[Materials provided Boundary: Start]

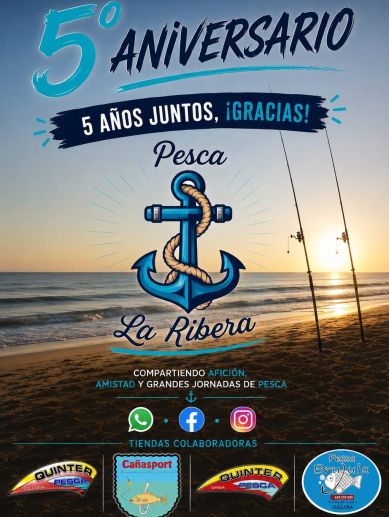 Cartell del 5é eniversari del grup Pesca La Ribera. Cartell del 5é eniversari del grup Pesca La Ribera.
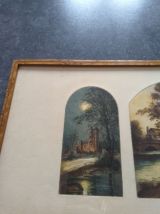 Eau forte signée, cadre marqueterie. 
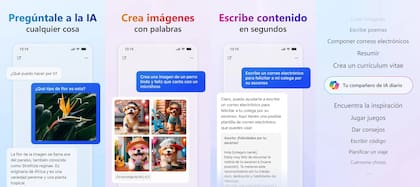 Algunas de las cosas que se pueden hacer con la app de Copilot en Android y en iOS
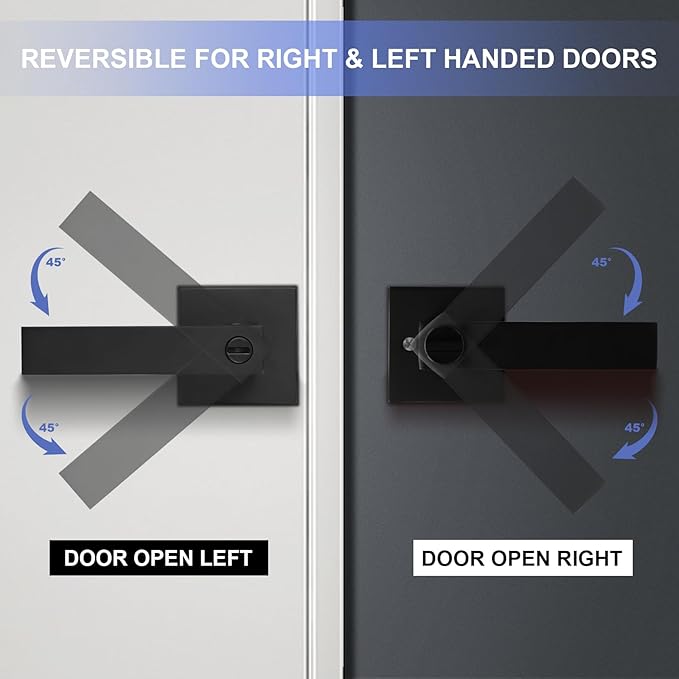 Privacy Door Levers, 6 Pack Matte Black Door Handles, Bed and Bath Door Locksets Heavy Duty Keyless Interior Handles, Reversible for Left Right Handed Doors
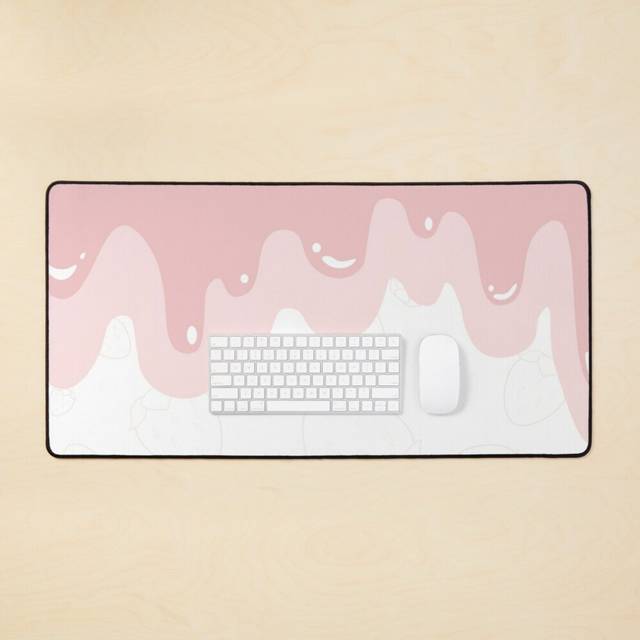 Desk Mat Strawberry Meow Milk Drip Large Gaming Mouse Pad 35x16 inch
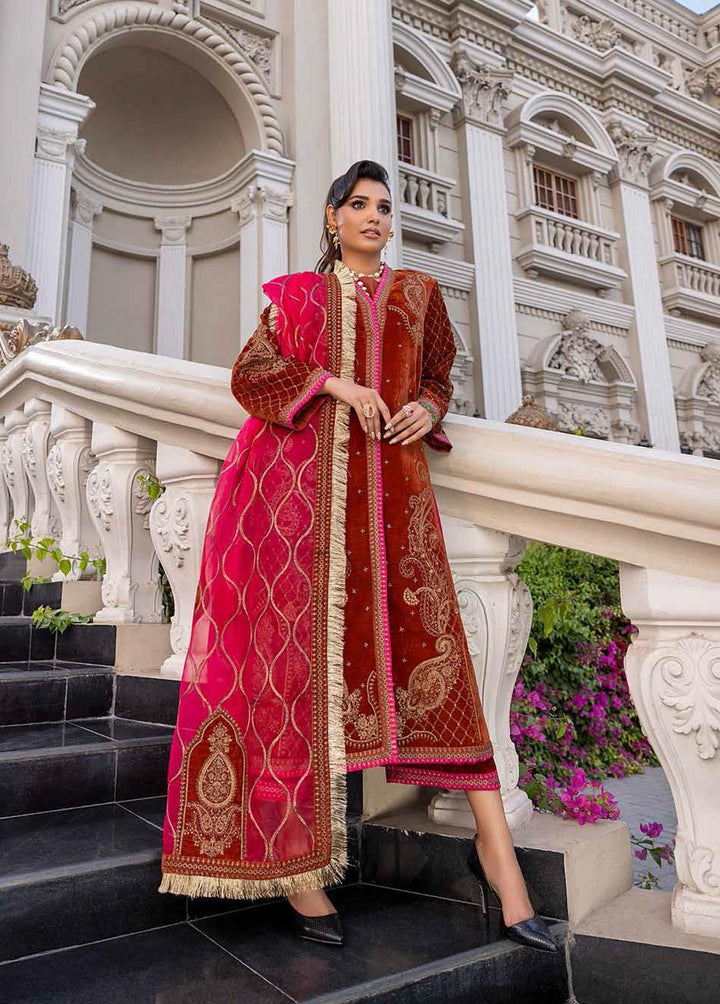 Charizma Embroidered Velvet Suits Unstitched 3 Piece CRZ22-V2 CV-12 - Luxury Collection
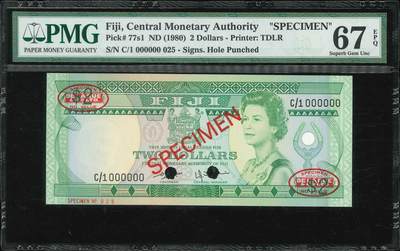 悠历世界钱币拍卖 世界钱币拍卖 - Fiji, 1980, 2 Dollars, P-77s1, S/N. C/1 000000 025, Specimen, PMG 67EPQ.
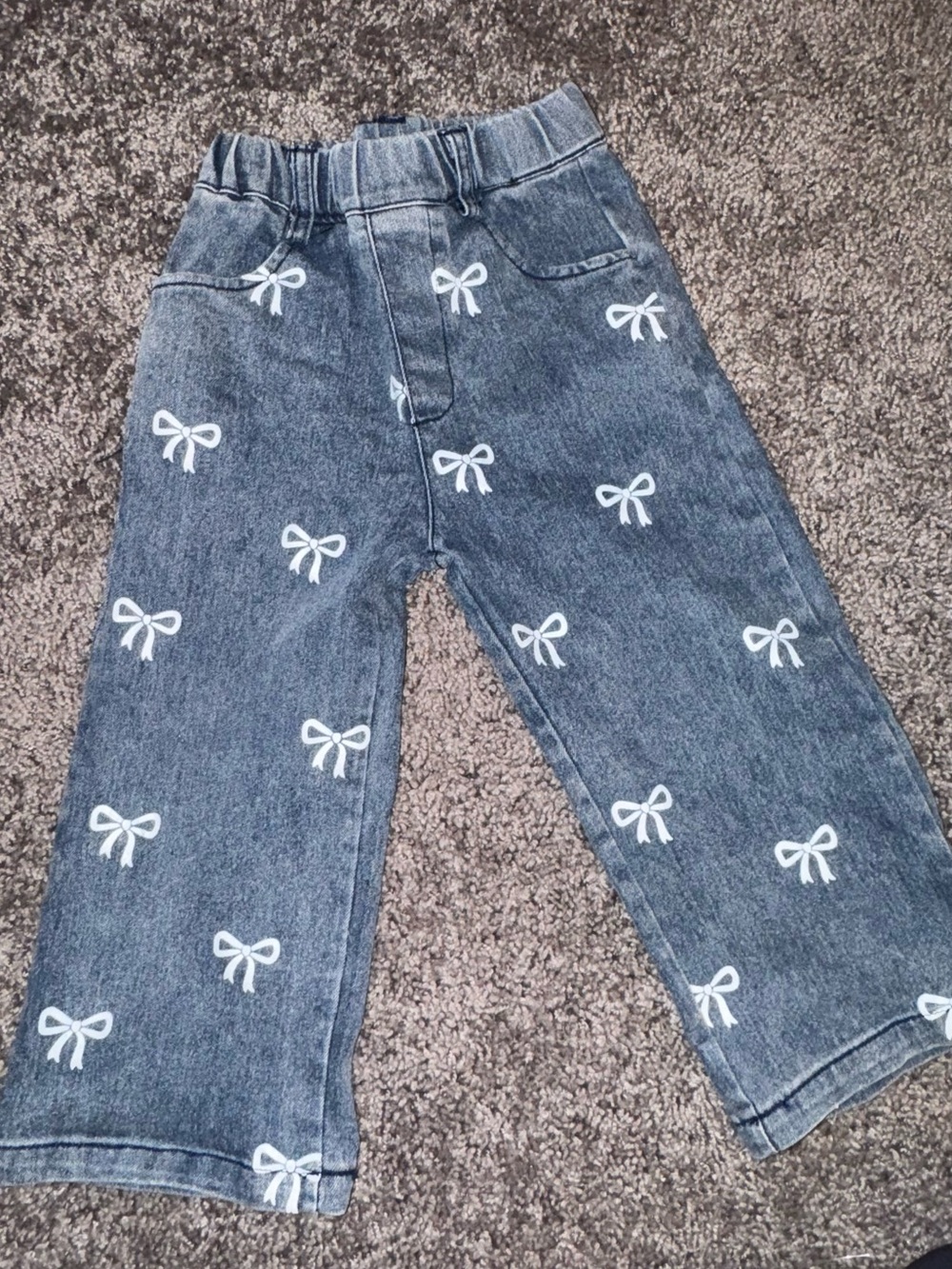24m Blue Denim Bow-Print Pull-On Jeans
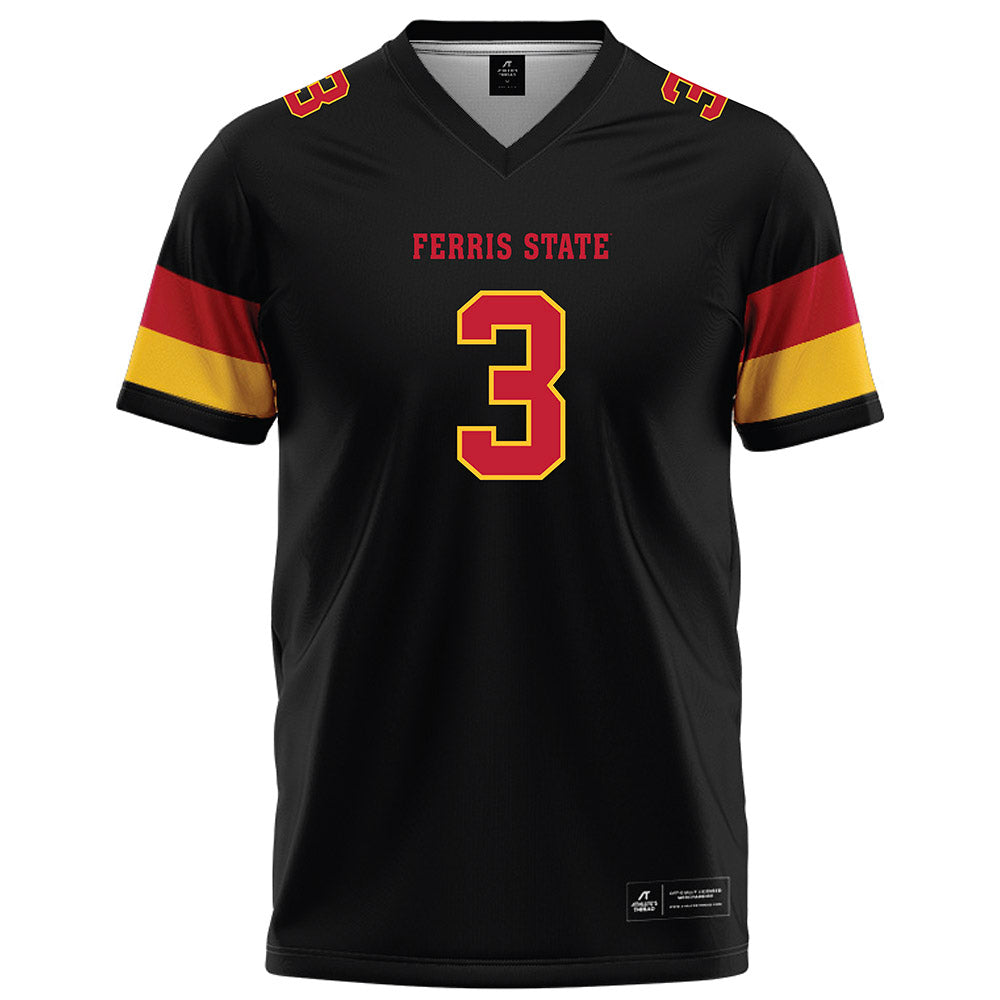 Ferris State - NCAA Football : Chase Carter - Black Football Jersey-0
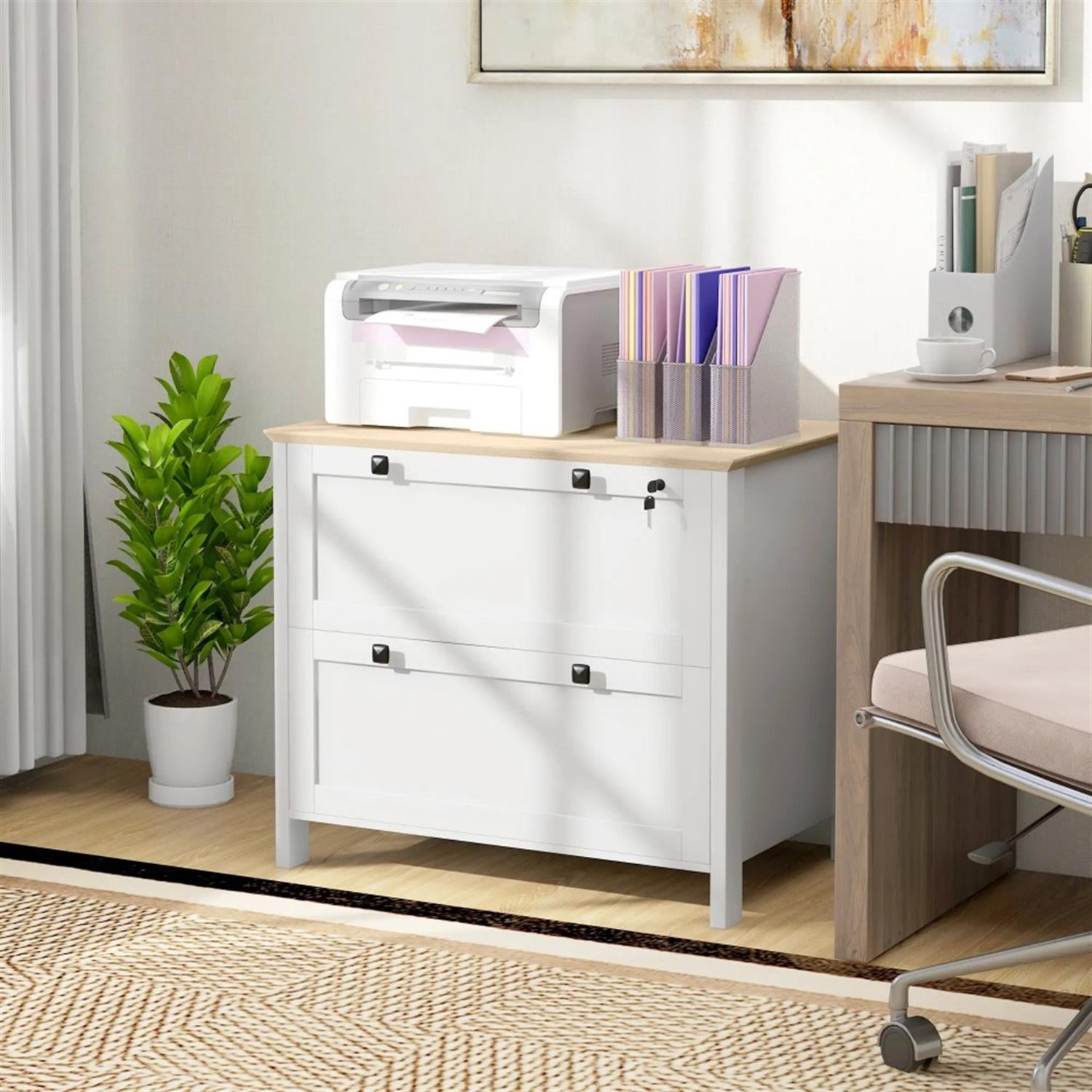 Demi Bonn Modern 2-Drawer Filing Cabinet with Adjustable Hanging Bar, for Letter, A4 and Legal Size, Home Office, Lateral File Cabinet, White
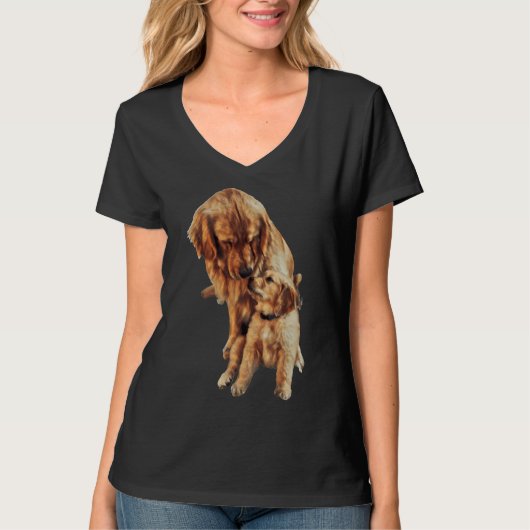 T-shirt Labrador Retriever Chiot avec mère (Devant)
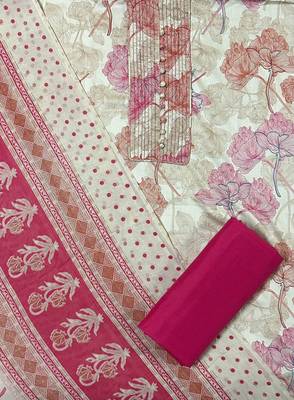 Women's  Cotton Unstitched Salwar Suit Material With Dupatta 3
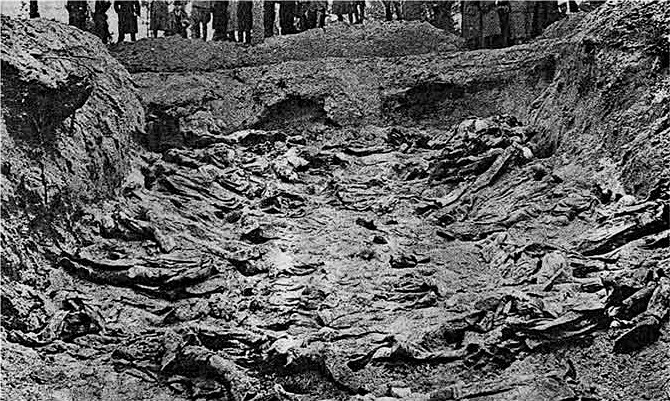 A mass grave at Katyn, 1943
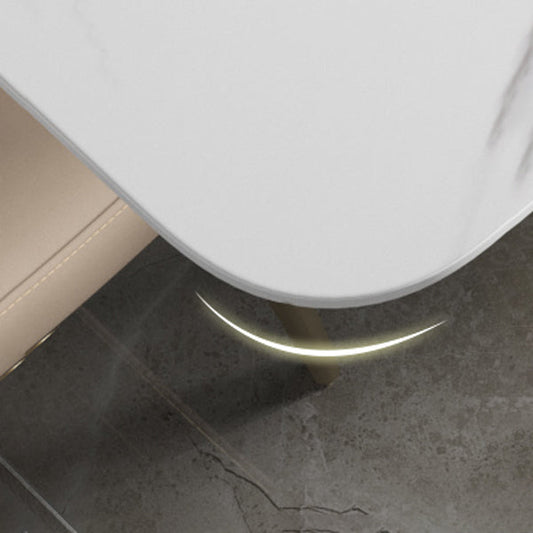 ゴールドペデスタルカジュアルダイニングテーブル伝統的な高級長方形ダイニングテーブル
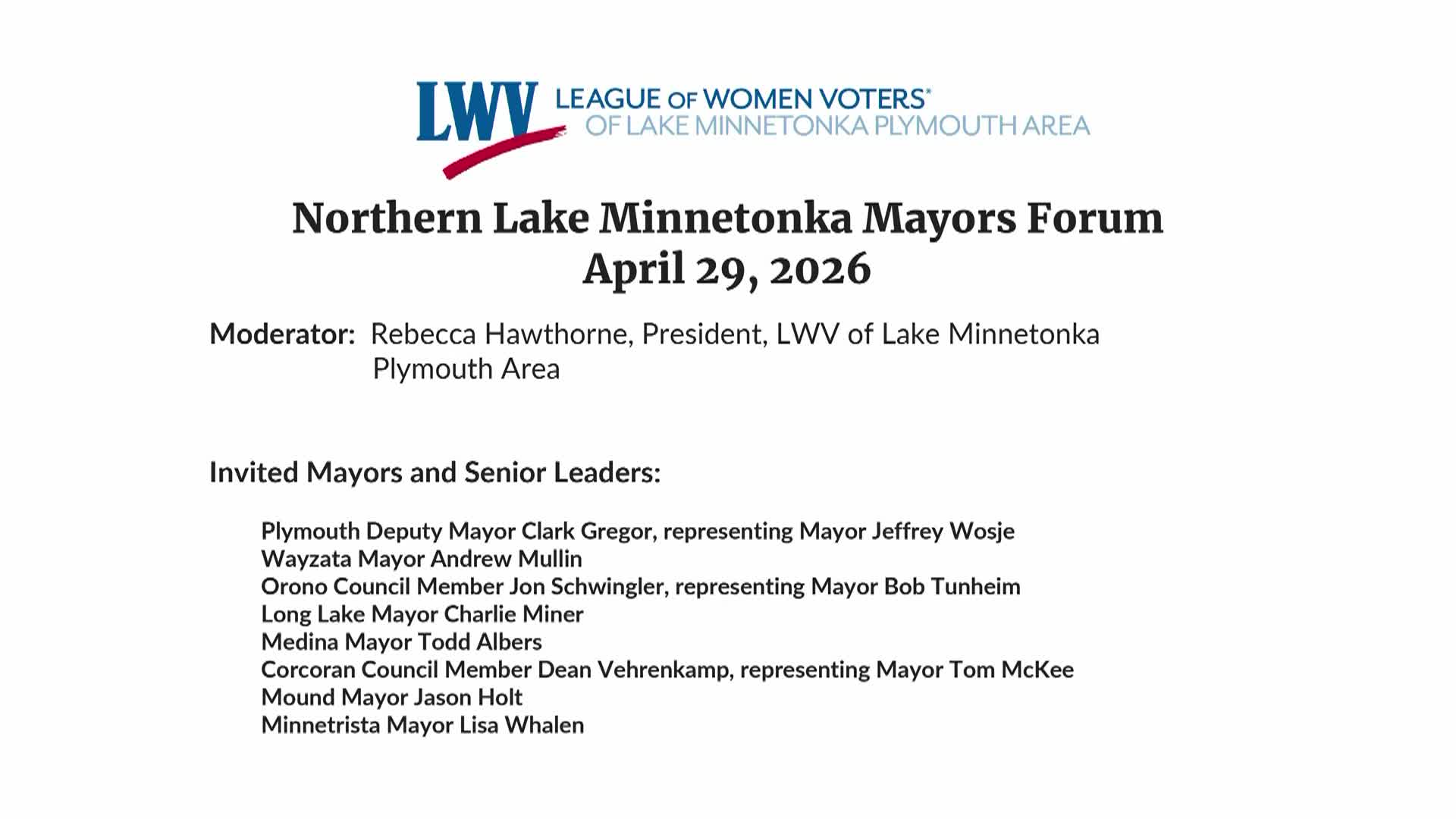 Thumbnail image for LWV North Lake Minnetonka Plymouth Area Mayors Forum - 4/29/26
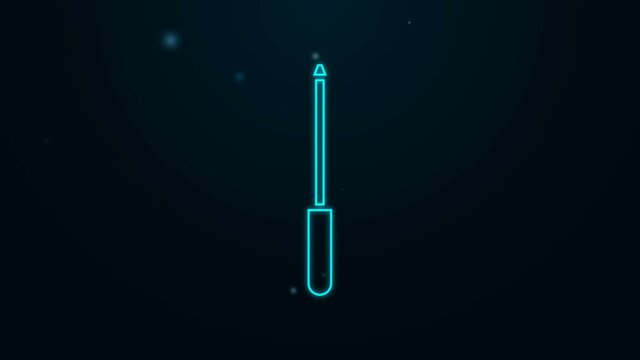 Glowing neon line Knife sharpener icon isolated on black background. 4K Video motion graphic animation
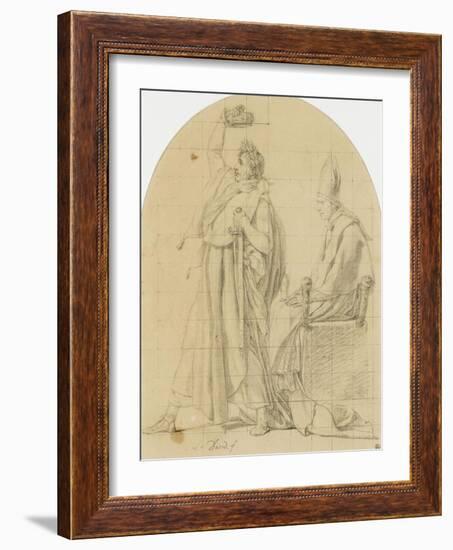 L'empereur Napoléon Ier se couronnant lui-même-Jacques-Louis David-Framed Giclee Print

[Materials provided Boundary: End]

## Exercise prompt
Strip the images and reproduce the remaining records precisely.

## Response to this task
 Cartell del 5é eniversari del grup Pesca La Ribera. Cartell del 5é eniversari del grup Pesca La Ribera.
 Eau forte signée, cadre marqueterie. 
 Algunas de las cosas que se pueden hacer con la app de Copilot en Android y en iOS
 Privacy Door Levers, 6 Pack Matte Black Door Handles, Bed and Bath Door Locksets Heavy Duty Keyless Interior Handles, Reversible for Left Right Handed Doors
 Desk Mat Strawberry Meow Milk Drip Large Gaming Mouse Pad 35x16 inch
 Charizma Embroidered Velvet Suits Unstitched 3 Piece CRZ22-V2 CV-12 - Luxury Collection
 悠历世界钱币拍卖 世界钱币拍卖 - Fiji, 1980, 2 Dollars, P-77s1, S/N. C/1 000000 025, Specimen, PMG 67EPQ.
24m Blue Denim Bow-Print Pull-On Jeans
 Ferris State - NCAA Football : Chase Carter - Black Football Jersey-0
 Demi Bonn Modern 2-Drawer Filing Cabinet with Adjustable Hanging Bar, for Letter, A4 and Legal Size, Home Office, Lateral File Cabinet, White
 T-shirt Labrador Retriever Chiot avec mère (Devant)
 Women's  Cotton Unstitched Salwar Suit Material With Dupatta 3
 A mass grave at Katyn, 1943
 ゴールドペデスタルカジュアルダイニングテーブル伝統的な高級長方形ダイニングテーブル
 Thumbnail image for LWV North Lake Minnetonka Plymouth Area Mayors Forum - 4/29/26
 Glowing neon line Knife sharpener icon isolated on black background. 4K Video motion graphic animation
 L'empereur Napoléon Ier se couronnant lui-même-Jacques-Louis David-Framed Giclee Print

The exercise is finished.